I'd argue that the most-oft-cited advantage -- the ability to incorporate prior beliefs -- is a weak advantage applied/empirical fields. That's because you need to quantify your prior. Even if I can say "well, level z is definitely implausible," I can't for the life of me tell you what should happen below z. Unless authors start publishing their raw data in droves, my best guesses for priors are conditional moments taken from previous work that may or may not have been fitted under similar conditions to the ones you're facing.
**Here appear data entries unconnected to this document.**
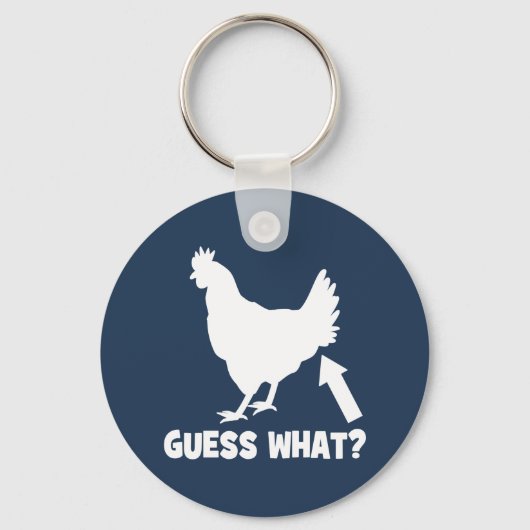 Porte-clés Devinez Quoi ? Bouton de poulet (Recto)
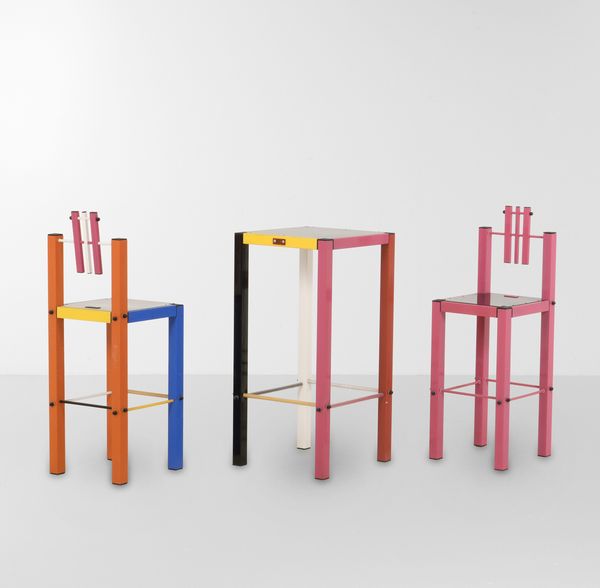 ANACLETO SPAZZAPAN : Due sedie e un tavolino.  - Asta Design Lab - Associazione Nazionale - Case d'Asta italiane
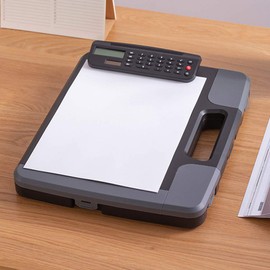 Portable Clipboard Storage Plastic Case for A4 Sizes, Clipboard with Storage & Calculator, Heavy Duty Plastic Clip Board, Large Capacity Letter Size Side Opening Nursing Slimcase with Pen Holder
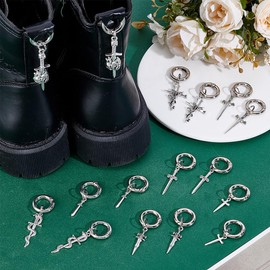 HOBBIESAY Pack of 16 Shoe Charms in 8 Styles Sword Shape Alloy Gothic Boots Heel Pendant DIY Shoe Accessories Antique Silver Platinum Boots Decoration for Boots Trainers Bags with Rings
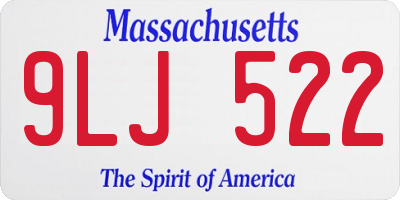 MA license plate 9LJ522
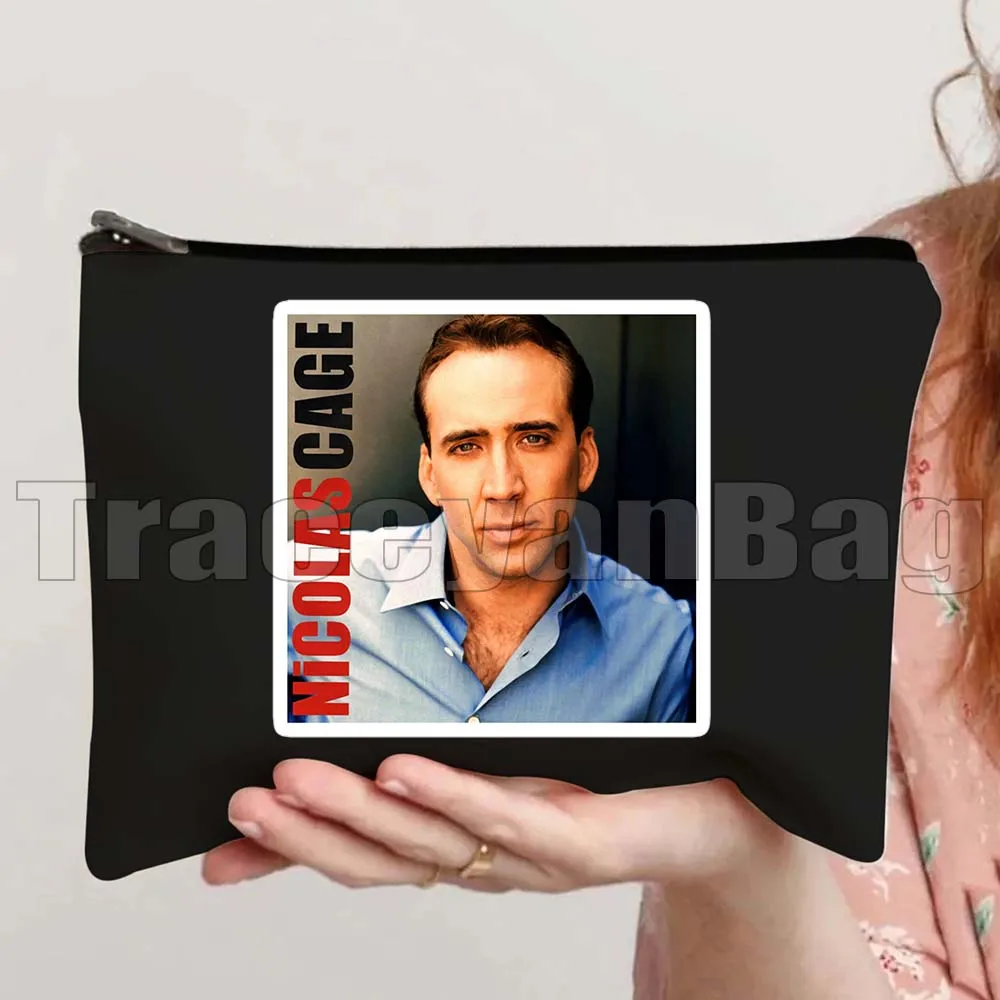 Vintage Nicolas Cage Pattern Nick Banana Nic Meme Cage Movies Fan Gifts Canvas Cosmetic Bags Makeup Toilet Bag Pencil Case Pouch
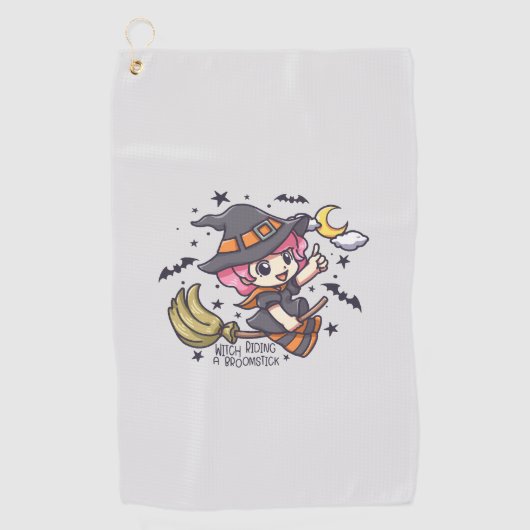 ブロムスティックに乗ったかわいい魔女 ゴルフタオル (正面)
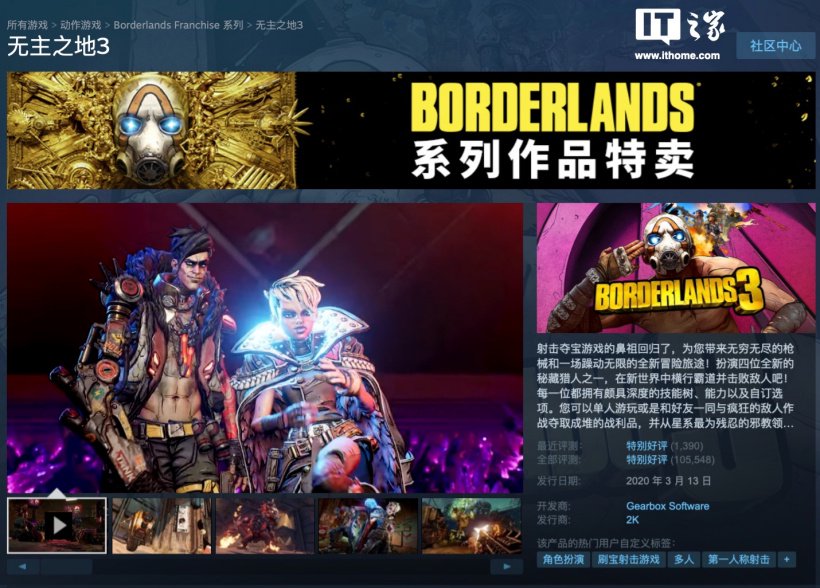 Steam 国区 19.99 元,经典游戏《无主之地 3》迎 1 折史低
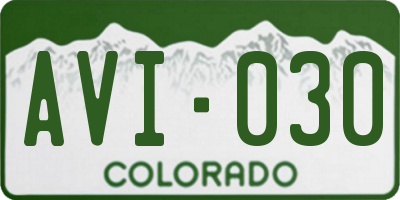 CO license plate AVI030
Basically, Bayesian techniques (at least on a conceptual level) are excellent for when you have a strong assumption/idea/model and want to take it to data, then see how wrong or not wrong you turn out to be. But often you are not looking to see whether you're right about one particular model for your business process; more likely you have no model, and are looking to see what your process is going to do. You do not want to push your conclusions around, you want your data to push your conclusions. If you have enough data, that's what will happen anyway, but in that case why bother with the prior? Perhaps that's overly skeptical and risk-averse, but I've never heard of an optimistic businessman that was also successful. There is no way to quantify your uncertainty about your own beliefs, and you would rather not run the risk of being overconfident in the wrong thing. So you set an uninformative prior and the advantage disappears.
This is interesting in the SPC case because unlike in, say, digital marketing, your business processes aren't forever in an unpredictable state of flux. My impression is that business processes tend to change deliberately and incrementally. That is, you have a long time to build up good, safe priors. But recall that priors are all about propagating uncertainty. Subjectivity aside, Bayesianism has the advantage that it objectively propagates uncertainty across deeply-nested data generating processes. That, to me, is really what Bayesian statistics is good for. And if you're looking for reliability of your process well beyond the 1-in-20 "significance" cutoff, it seems like you would want to account for as much uncertainty as possible.
So where are the Bayesian models? First off, they're hard to implement. To put it bluntly, I can teach OLS to a mechanical engineer in 15 minutes and have him cranking out regressions and t-tests in Matlab in another 5. To use Bayes, I first need to decide what kind of model I'm fitting, and then see if there's a ready-made library for it in a language someone at my company knows. If not, I have to use BUGS or Stan. And then I have to run simulations to get even a basic answer, and that takes about 15 minutes on an 8-core i7 machine. So much for rapid prototyping. And second off, by the time you get an answer, you've spent two hours of coding and waiting, only to get the same result as you could have with frequentist random effects with clustered standard errors. Maybe this is all presumptuous and wrongheaded and I don't understand SPC at all. But I see it in academia and in for-profit social science constantly, and I'd be surprised if things were different in other fields.
I liken Bayesianism to a very high-quality chef knife, a stockpot, and a sautee pan; frequentism is like a kitchen full of As-Seen-On-TV tools like banana slicers and pasta pots with holes in the lid for easy draining. If you're a practiced cook with lots of experience in the kitchen--indeed, in your own kitchen of substantive knowledge, which is clean and organized and you know where everything is located--you can do amazing things with your small selection of elegant, high-quality tools. Or, you can use a bunch of different little ad-hoc* tools, that require zero skill to use, to make a meal that's simple, really not half bad, and has a couple basic flavors that get the point across. You just got home from the data mines and you're hungry for results; which cook are you?
*Bayes is just as ad-hoc, but less transparently so. How much wine goes in your coq au vin? No idea, you eyeball it because you're a pro. Or, you can't tell the difference between a Pinot Grigio and a Pinot Noir but the first recipe on Epicurious said to use 2 cups of the red one so that's what you're going to do. Which one is more "ad-hoc?"